The possibility that Nixon was the first person of any public notoriety to have -nomics suffixed to his name is greatly increased, in my opinion, by the unusual suitability of the name Nixon to portmanteauing with economics. For one thing, the x sound in Nixon and the x sound in economics make a catchy pairing—but even better, the two words share an -on- term that effectively allows the first syllable Nix- in Nixon to replace the first syllable ec- in economics. This is the kind of fortuity that journalists (and business professors) can't resist exploiting. Keynesonomics and Marxonomics (for example) don't have the same cachet.


Research is ongoing: so far I've uncovered a February, 1970 reference to Nixonomics, which is undoubtedly a predecessor to Reaganonomics:

TIME, "Business: The Rising Attack on Nixonomics" ...

Later, after having exhausted the resources available to a lazy man: Although a source on the web claims that the term 'Nixonomics' was coined by Walter Heller for an eponymous speech given in October, 1969, William Safire stopped just short of suggesting in a 1982 New York Times article that he coined the term himself:

In the summer of 1969, I wrote a memorandum for my White House colleagues using the term Nixonomics to hail the ingenious replacement of the Democrats' ''new economics.'' About that time, columnists Evans and Novak were the first to use Nixonomics in print. Walter Heller, a father of the ''new economics,'' was quoted in Time magazine in November 1969, using Nixonomics disparagingly. Since that time, the term I used with such high hopes has fallen on hard times.

(From The New York Times, "ON LANGUAGE; THAT ICY TINGLE", By William Safire, November 7, 1982.)
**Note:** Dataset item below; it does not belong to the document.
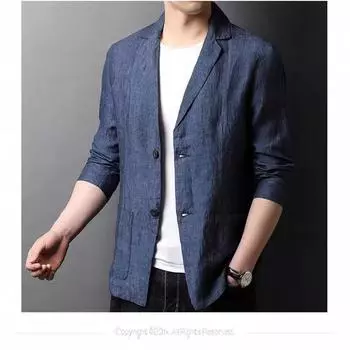 Осень-весна и лето новый мужской льняной костюм модный корейский стиль свободное тонкое пальто две пуговицы повседневный M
Ten years later, in 1992, Safire backpedalled from his earlier suggestion by rather vaguely attributing the first uses of 'Nixonomics' to "some of us". He then parenthetically suggested that Nixon was the first to acquire the tag. Although Safire reasoned the suffix would've fit with Johnson also, because of the terminal en, he declared the suffix wasn't used for Johnson:

For the omics suffix to work, the President's name must end in an n. This all began when some of us in 1969 began pushing Nixonomics. (Although Johnsonomics would have been an effective neologism, it was not used, suggesting that Nixonomics was the form's first Presidential use.)
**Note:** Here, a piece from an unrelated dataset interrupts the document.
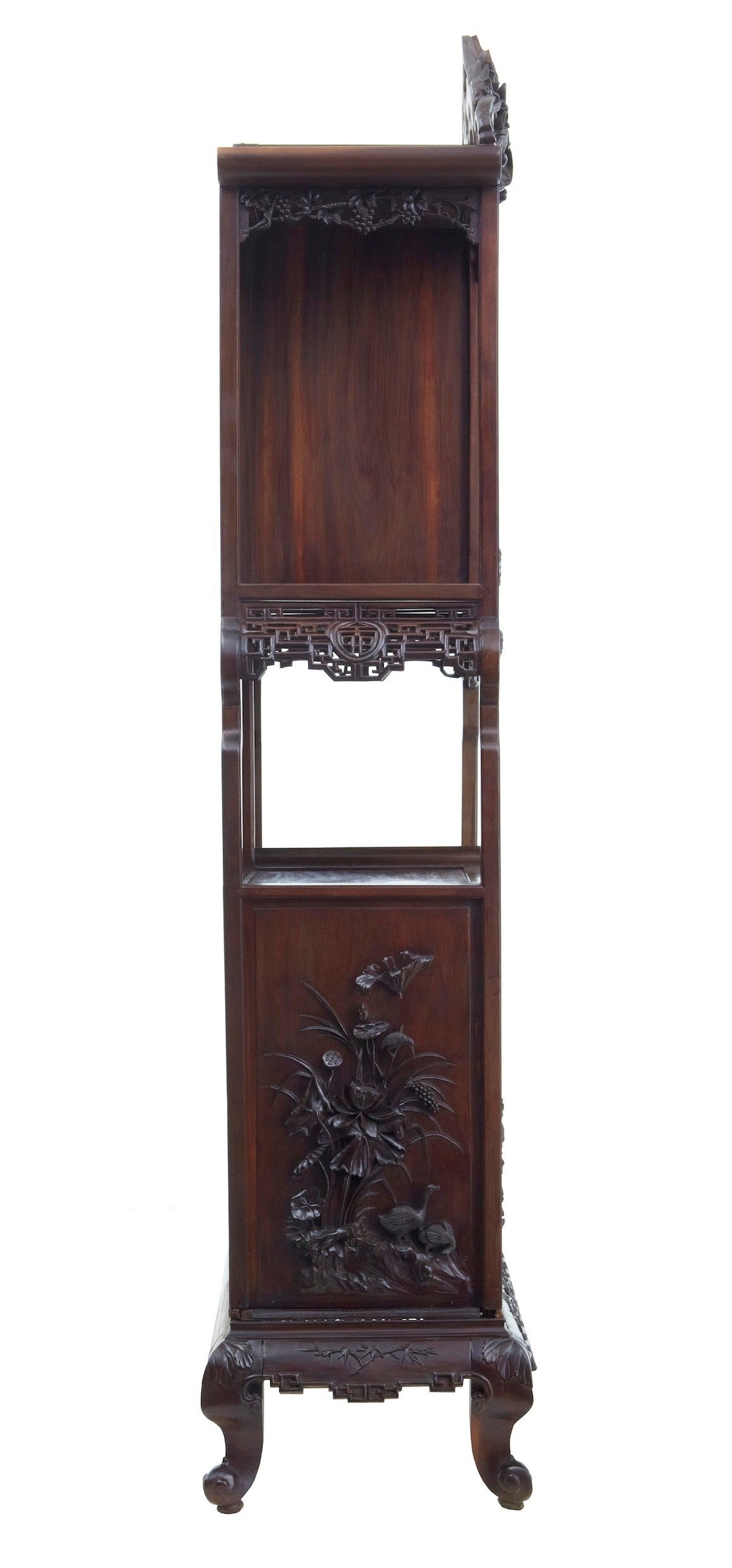 19th Century Carved Oriental Hardwood Chinese Display Cabinet 1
(From The New York Times, "ON LANGUAGE; Retronym Watch", by William Safire, November 1, 1992.)

Beyond and before presidential monickers: I speculate that the rather lax but simultaneously frenetic atmosphere of the late 1960s contributed to the coinage and acceptance of 'Nixonomics', which then spawned a plethora of similar coinages predicated on 'economics'. However, the suffix '-nomics' is a more general combinative form denoting

...the science or study of a subject specified by the first element.

(From the OED.)

In the more rigorous 1950s and before, I doubt such coinages would've met with general acceptance. However, I continued the search, looking for coinages based on economic luminaries such as Adam Smith and Karl Marx. Those searches were not productive.